La primera victoria de la temporada demuestra que el Racing sí tiene el nivel que requiere la Segunda B. No es que el equipo ferrolano rayase a un nivel superior al que había mostrado frente al Tropezón en el estreno liguero o al exhibido la semana pasada ante la Unión Deportiva Logroñés. La diferencia es que esta vez sí supo competir y hacer frente a las adversidades. Por eso esta vez el cuadro verde, tras encajar el primer tanto del partido, se rehízo en la segunda mitad y demostró que está llamado para conseguir cosas importantes este año.

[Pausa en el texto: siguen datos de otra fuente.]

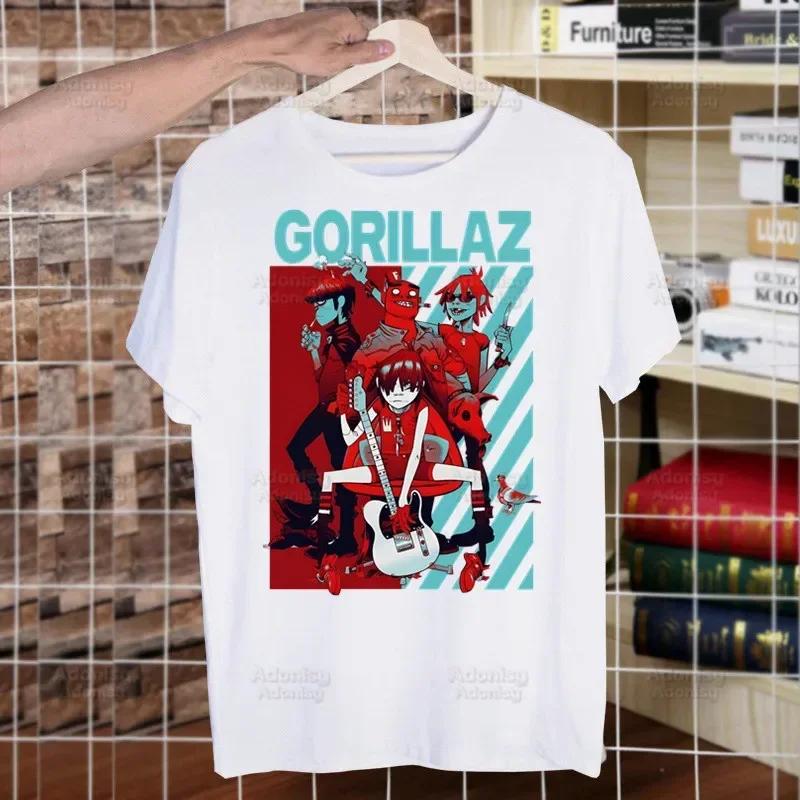 Футболка Gorillaz Rock Modern Music Graffiti Мужская Ретро Выстиранная Топы Футболки Харадзюку Футболка Уличная Одежда Хип-Хоп Мужские Футболки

El Ourense, más adaptado al deplorable estado en el que está el campo de O Couto, sabía que un mal control, un despeje defectuoso o una imprecisión en zona peligrosa eran sinónimo de peligro. Es lo que el equipo ourensano intentó encontrar con su presión a la salida de balón del rival que, además, en los primeros minutos pareció no ser demasiado consciente del peligro que corría por intentar combinar. De todas formas, el cuadro verde se adaptó enseguida a lo que requería el choque y por eso el encuentro se volvió mucho más igualado a medida que pasaba el tiempo.
Ni Ourense ni Racing, de hecho, fueron capaces de controlar el partido. En realidad, el que mandó en el desarrollo del juego fue el campo, ya que su deficiente estado condicionó la manera de actuar de unos y otros. De este  modo, las ocasiones para marcar escasearon, aunque fue la escuadra local la que dispuso de la más clara, una opción que pudo haber cambiado el desarrollo del choque de no ser por la excepcional parada de Camacho, que desvió a córner el remate a bocajarro de Óscar Martínez desde el borde del área pequeña visitante.
No había demasiados visos de cambio, con un Racing que en la primera parte solo se acercó de manera tímida a la portería rival –casi siempre mediante las acciones de Vela–, así que el encuentro parecía destinado a presentarse al descanso con el empate inicial. Sin embargo, el Ourense encontró petróleo en una internada de Íker Alegre por la banda izquierda, cuyo centro fue cortado con la mano por Víctor Vázquez con la mano. El mismo jugador anotó el correspondiente penalti y mandó a los suyos en ventaja en el marcador.

CAMBIO
Ya fuese porque el Racing se mostró más ambicioso por el resultado negativo o porque el Ourense trató de encontrar en los contraataques la manera de generar peligro sobre la portería rival, lo cierto es que el partido se abrió en la segunda parte. Fue un duelo mucho más vivo que el que se había vivido hasta ahí, como demostró el cuadro verde nada más empezar la acción con un remate de Manu Barreiro al larguero que Marcos Álvarez no acertó a remachar en el rechace posterior.
El cambio de cara mostrado en la segunda parte por el Racing encontró su fruto en cinco minutos. Primero, en una acción calcada a la que había supuesto el tanto del Ourense. En esta ocasión se generó a partir de la banda derecha del ataque racinguista, por la que Marcos Álvarez se coló para servir un centro que fue cortado con la mano por Pinillos. El penalti lo transformó Manu Barreiro con tranquilidad y así el encuentro recuperaba las tablas en el marcador. Pero es que solo dos minutos después, el cuadro verde consiguió un premio mayor cuando el futbolista ortegano –revulsivo en la segunda parte– provocó el fallo del rival con su presión para recuperar la pelota, enfilar la portería rival y pasar atrás para que Dani Rodríguez, a placer, remachase.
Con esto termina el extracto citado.